I believe the human population will experience huge deflation in the coming decades, so a tail emission is counterproductive (unless you really believe the human population will keep increasing).
I agree with most of your post, but tail emission could be countered by the "lost coins" if it's sufficiently low, and thus I don't really think it would incide really in tokenomics, even with a reducing population or a stagnating or even gradually shrinking economy.
The beauty of a "sidechain-driven" tail emission (by merge-mining and miners getting rewarded by sidechain utility tokens) is however that the emission schedule would be much more flexible than a hard-coded tail emission. For example, if the sidechain token inflation resulted to be too high to maintain the sidechain utility tokens' value, sidechains have much lower hurdles to hardfork into a lower emission schedule than the main chain, and of course vice versa too.
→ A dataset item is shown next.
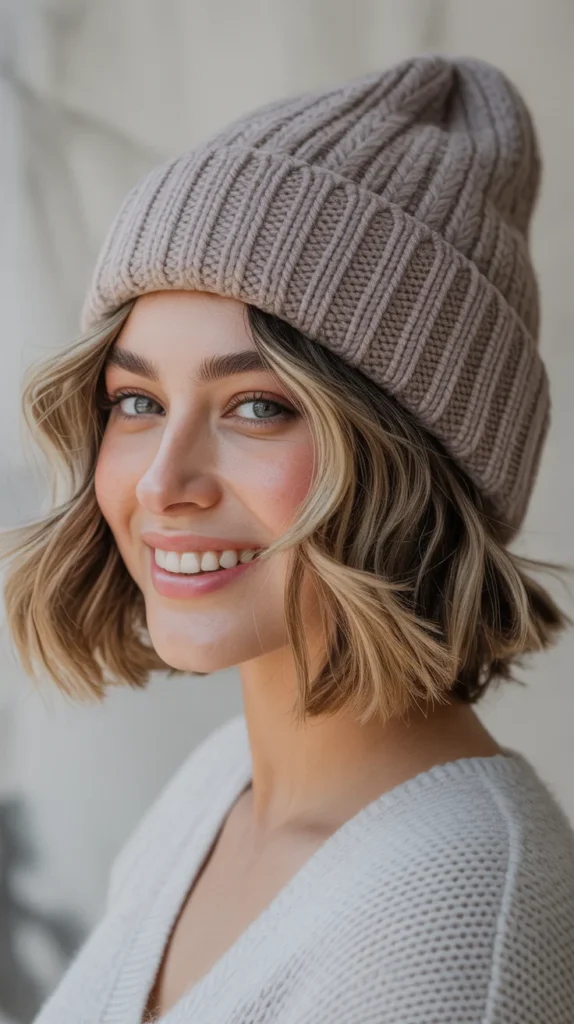 Beanie with Tousled Bob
This isn't that relevant for the Monero <-> Bitcoin discussion (which is pointless and borderline OT) as Monero has already had a history of hardforks and thus could hardfork again and again to lower their supply, but for Bitcoin even a single hardfork could be very difficult. Thus, the "sidechain-driven" tail emission model would be the concept least intrusive to BTC's "core value proposition", which includes its "deflationary" nature. The sidechain utility tokens' supply would not affect Bitcoin's emission schedule and its deflationary nature at all.